═══ Extracted material ═══

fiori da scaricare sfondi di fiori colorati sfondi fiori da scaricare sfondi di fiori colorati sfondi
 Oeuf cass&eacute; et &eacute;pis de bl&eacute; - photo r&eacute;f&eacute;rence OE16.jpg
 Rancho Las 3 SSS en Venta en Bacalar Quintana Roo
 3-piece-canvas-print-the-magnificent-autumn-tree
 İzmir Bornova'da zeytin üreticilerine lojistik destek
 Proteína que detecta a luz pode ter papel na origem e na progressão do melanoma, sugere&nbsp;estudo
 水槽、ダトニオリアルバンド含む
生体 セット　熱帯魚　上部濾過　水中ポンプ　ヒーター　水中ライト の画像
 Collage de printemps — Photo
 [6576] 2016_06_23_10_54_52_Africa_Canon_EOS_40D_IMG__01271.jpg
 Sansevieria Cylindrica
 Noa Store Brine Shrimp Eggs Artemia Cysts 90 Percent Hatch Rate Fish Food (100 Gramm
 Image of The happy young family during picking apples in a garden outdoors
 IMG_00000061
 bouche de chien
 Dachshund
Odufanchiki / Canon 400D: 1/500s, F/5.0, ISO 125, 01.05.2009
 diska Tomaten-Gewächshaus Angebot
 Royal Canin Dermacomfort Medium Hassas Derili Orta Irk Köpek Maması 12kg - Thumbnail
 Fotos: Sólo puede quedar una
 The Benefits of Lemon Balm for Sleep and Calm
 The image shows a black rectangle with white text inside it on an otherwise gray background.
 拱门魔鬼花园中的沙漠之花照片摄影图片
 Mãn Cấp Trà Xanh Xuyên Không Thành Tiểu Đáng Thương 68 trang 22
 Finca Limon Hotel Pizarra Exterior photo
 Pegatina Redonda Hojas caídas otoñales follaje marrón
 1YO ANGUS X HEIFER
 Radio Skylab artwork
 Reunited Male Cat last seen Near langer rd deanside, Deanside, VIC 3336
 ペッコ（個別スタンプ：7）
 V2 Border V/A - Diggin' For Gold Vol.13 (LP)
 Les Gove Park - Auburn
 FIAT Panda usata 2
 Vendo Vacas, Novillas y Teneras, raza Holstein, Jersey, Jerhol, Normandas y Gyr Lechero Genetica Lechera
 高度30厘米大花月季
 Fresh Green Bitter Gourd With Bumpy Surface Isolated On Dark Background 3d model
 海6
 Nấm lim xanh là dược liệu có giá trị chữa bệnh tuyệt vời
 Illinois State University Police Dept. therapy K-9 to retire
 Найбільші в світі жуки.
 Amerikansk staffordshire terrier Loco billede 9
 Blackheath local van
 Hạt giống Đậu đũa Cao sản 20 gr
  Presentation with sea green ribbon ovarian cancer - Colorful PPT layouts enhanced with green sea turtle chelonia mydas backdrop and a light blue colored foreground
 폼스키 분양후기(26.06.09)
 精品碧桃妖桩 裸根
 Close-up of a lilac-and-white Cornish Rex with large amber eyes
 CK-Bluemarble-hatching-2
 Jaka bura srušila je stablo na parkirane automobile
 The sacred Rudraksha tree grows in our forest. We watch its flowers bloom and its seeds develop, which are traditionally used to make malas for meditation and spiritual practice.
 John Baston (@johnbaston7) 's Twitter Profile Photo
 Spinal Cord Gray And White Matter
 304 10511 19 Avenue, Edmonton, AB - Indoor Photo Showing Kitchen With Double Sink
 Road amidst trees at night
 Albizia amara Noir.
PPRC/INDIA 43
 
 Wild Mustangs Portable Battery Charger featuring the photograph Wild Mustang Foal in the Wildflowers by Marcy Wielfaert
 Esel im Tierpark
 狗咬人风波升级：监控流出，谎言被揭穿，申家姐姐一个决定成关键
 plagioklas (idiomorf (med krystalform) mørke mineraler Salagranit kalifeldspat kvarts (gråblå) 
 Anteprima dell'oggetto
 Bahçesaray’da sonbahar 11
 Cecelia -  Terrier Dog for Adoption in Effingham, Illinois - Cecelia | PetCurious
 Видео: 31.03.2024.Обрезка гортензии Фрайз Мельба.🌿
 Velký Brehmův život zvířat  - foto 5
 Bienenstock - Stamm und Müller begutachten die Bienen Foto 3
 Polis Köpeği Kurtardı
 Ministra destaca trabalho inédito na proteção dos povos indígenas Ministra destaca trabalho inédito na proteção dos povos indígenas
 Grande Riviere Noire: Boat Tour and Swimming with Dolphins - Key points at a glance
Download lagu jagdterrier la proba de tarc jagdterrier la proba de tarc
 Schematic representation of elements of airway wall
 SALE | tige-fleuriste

═══

● Your objective
Given the data above, transcribe exactly the lines from the one containing "The sacred Rudraksha" down to the one containing "Bahçesaray’da sonbahar 11", and no others.

● Your response
 The sacred Rudraksha tree grows in our forest. We watch its flowers bloom and its seeds develop, which are traditionally used to make malas for meditation and spiritual practice.
 John Baston (@johnbaston7) 's Twitter Profile Photo
 Spinal Cord Gray And White Matter
 304 10511 19 Avenue, Edmonton, AB - Indoor Photo Showing Kitchen With Double Sink
 Road amidst trees at night
 Albizia amara Noir.
PPRC/INDIA 43
 
 Wild Mustangs Portable Battery Charger featuring the photograph Wild Mustang Foal in the Wildflowers by Marcy Wielfaert
 Esel im Tierpark
 狗咬人风波升级：监控流出，谎言被揭穿，申家姐姐一个决定成关键
 plagioklas (idiomorf (med krystalform) mørke mineraler Salagranit kalifeldspat kvarts (gråblå) 
 Anteprima dell'oggetto
 Bahçesaray’da sonbahar 11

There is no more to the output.